■ INSTRUCTIONS FOR THE TASK ■
Your task is to give the records again exactly. Leave each picture out.

Captioned web image data
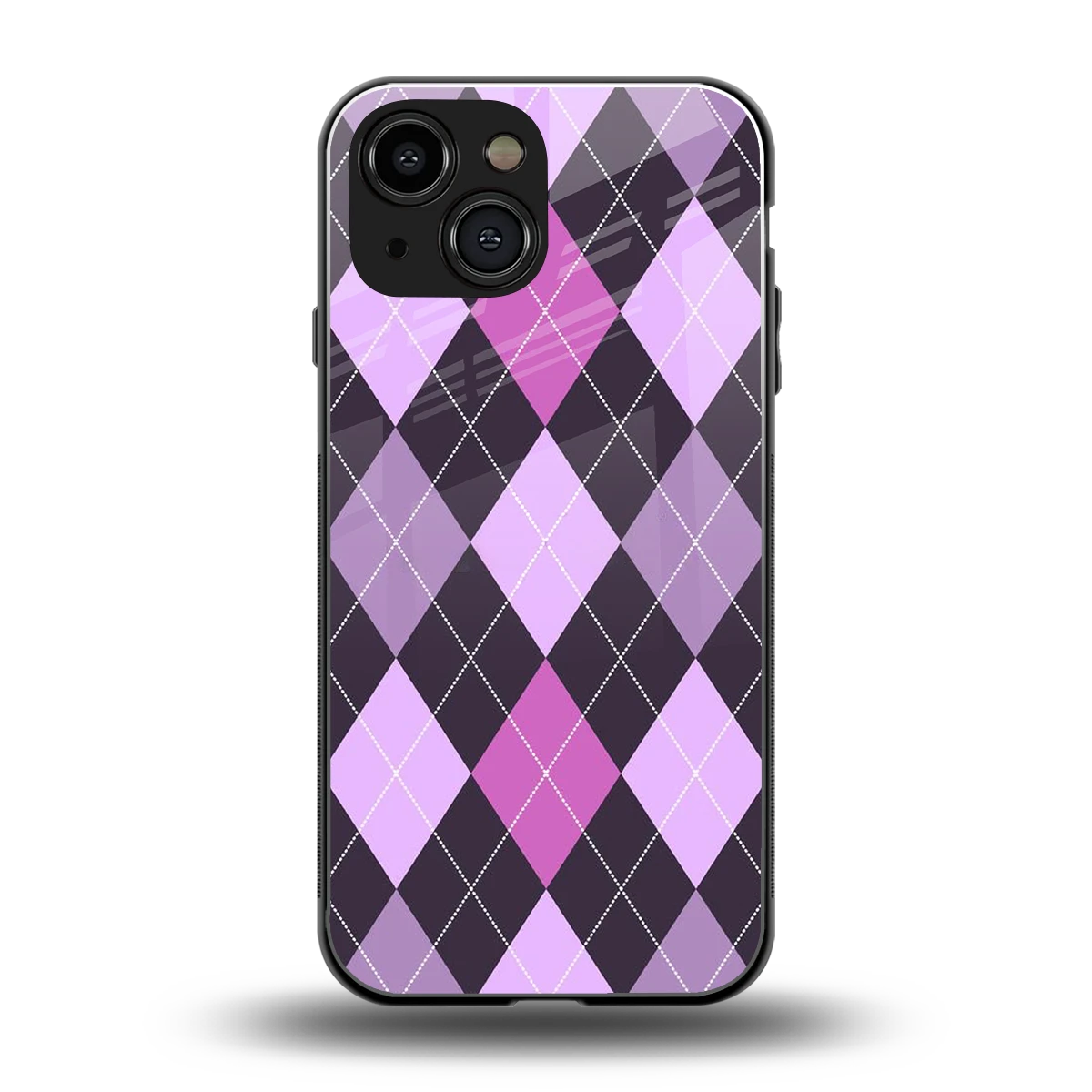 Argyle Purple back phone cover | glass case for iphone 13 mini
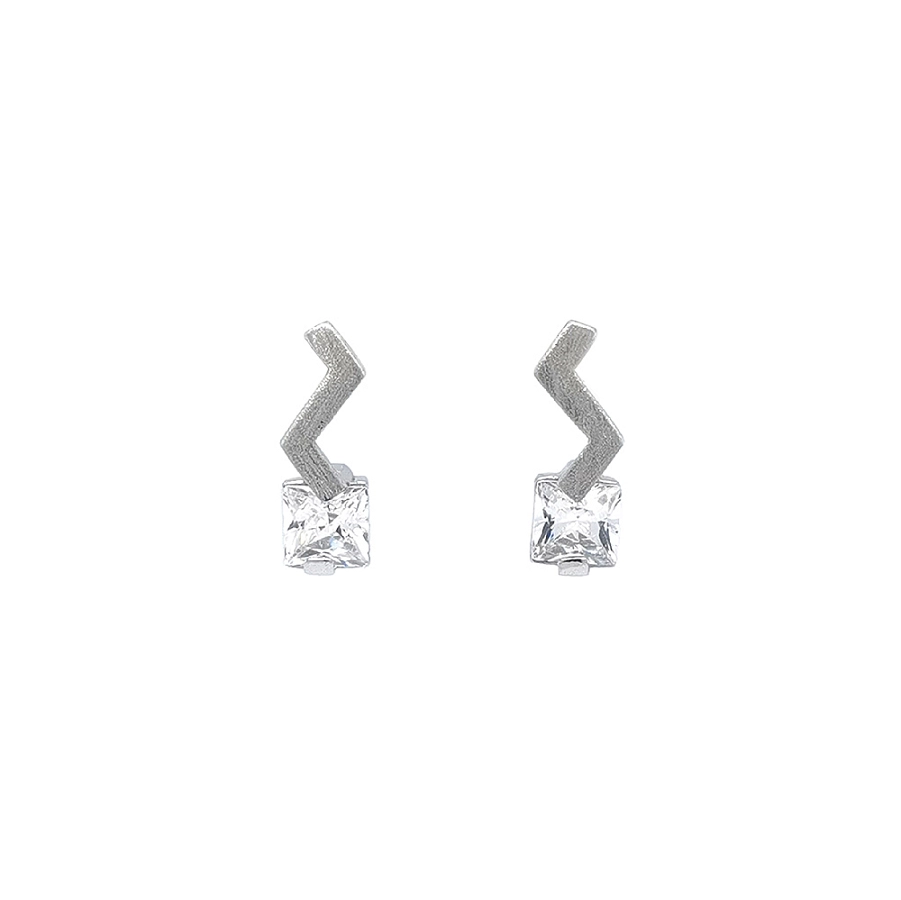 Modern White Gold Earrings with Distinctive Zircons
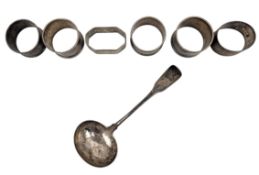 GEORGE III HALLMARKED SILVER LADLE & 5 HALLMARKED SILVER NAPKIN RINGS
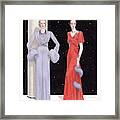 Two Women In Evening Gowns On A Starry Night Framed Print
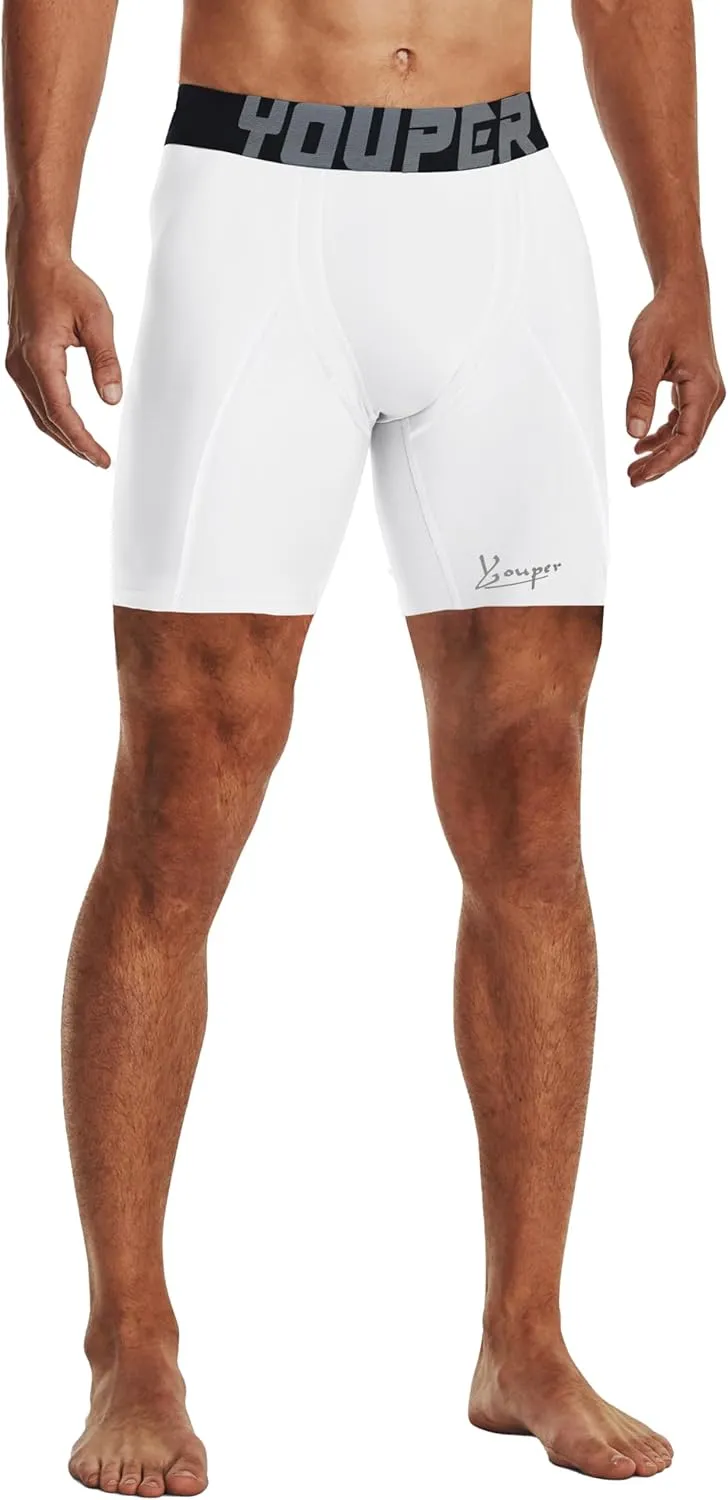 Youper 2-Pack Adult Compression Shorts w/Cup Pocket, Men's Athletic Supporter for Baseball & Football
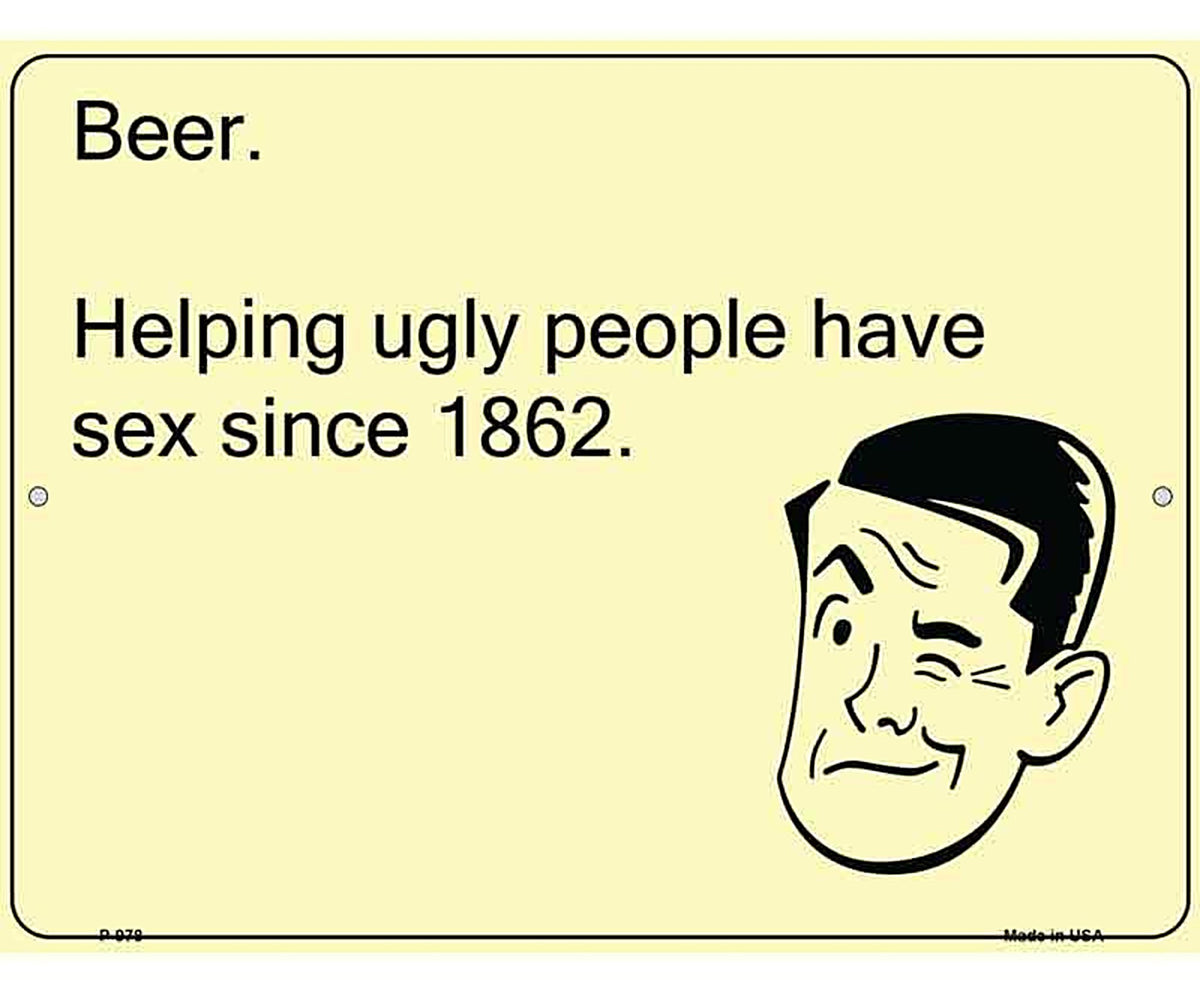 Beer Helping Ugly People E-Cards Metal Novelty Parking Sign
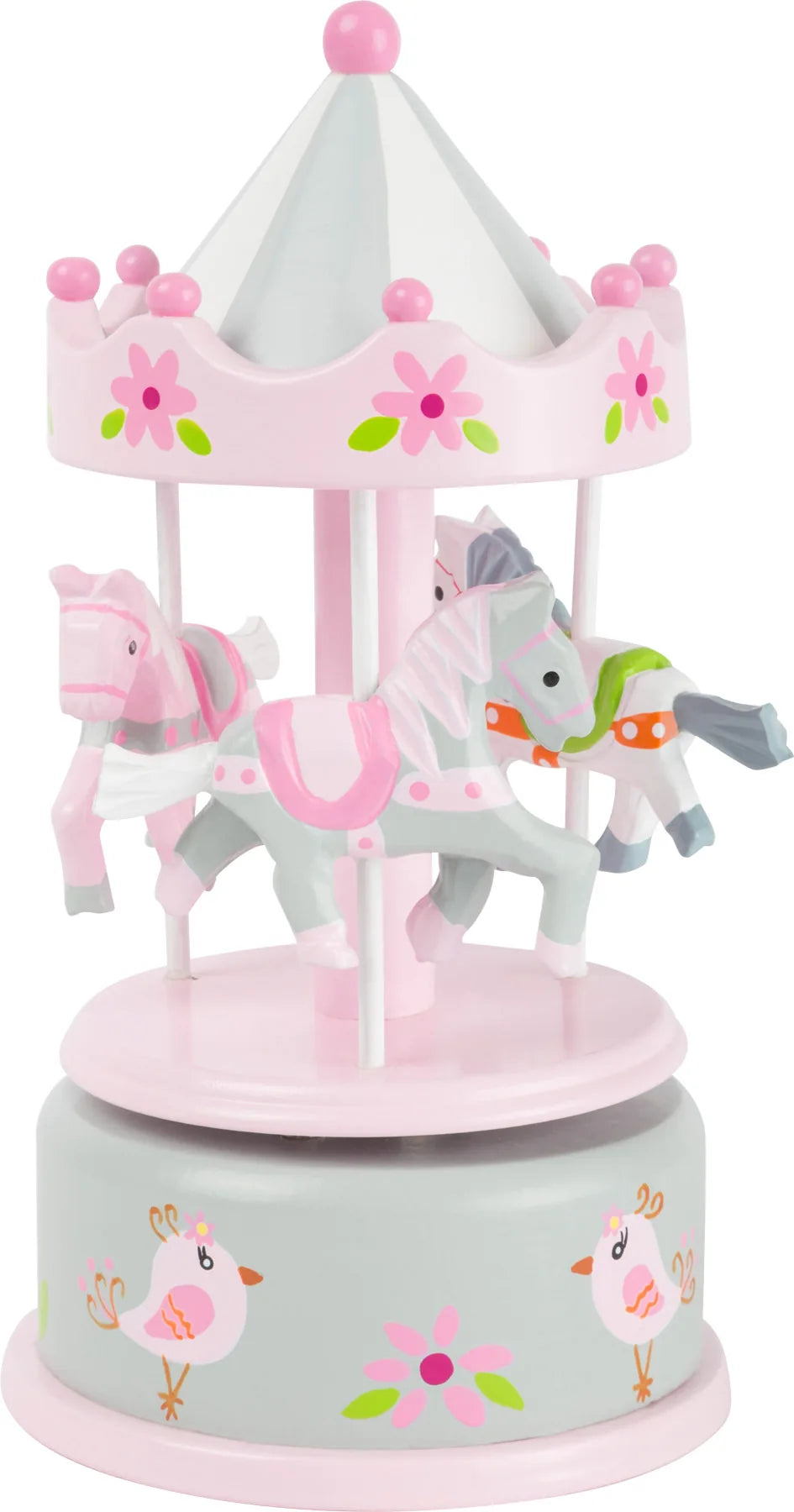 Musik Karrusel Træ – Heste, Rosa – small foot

■ WRITTEN ANSWER ■
 Argyle Purple back phone cover | glass case for iphone 13 mini
 Modern White Gold Earrings with Distinctive Zircons
 GEORGE III HALLMARKED SILVER LADLE & 5 HALLMARKED SILVER NAPKIN RINGS
 Two Women In Evening Gowns On A Starry Night Framed Print
 Youper 2-Pack Adult Compression Shorts w/Cup Pocket, Men's Athletic Supporter for Baseball & Football
 Beer Helping Ugly People E-Cards Metal Novelty Parking Sign
 Musik Karrusel Træ – Heste, Rosa – small foot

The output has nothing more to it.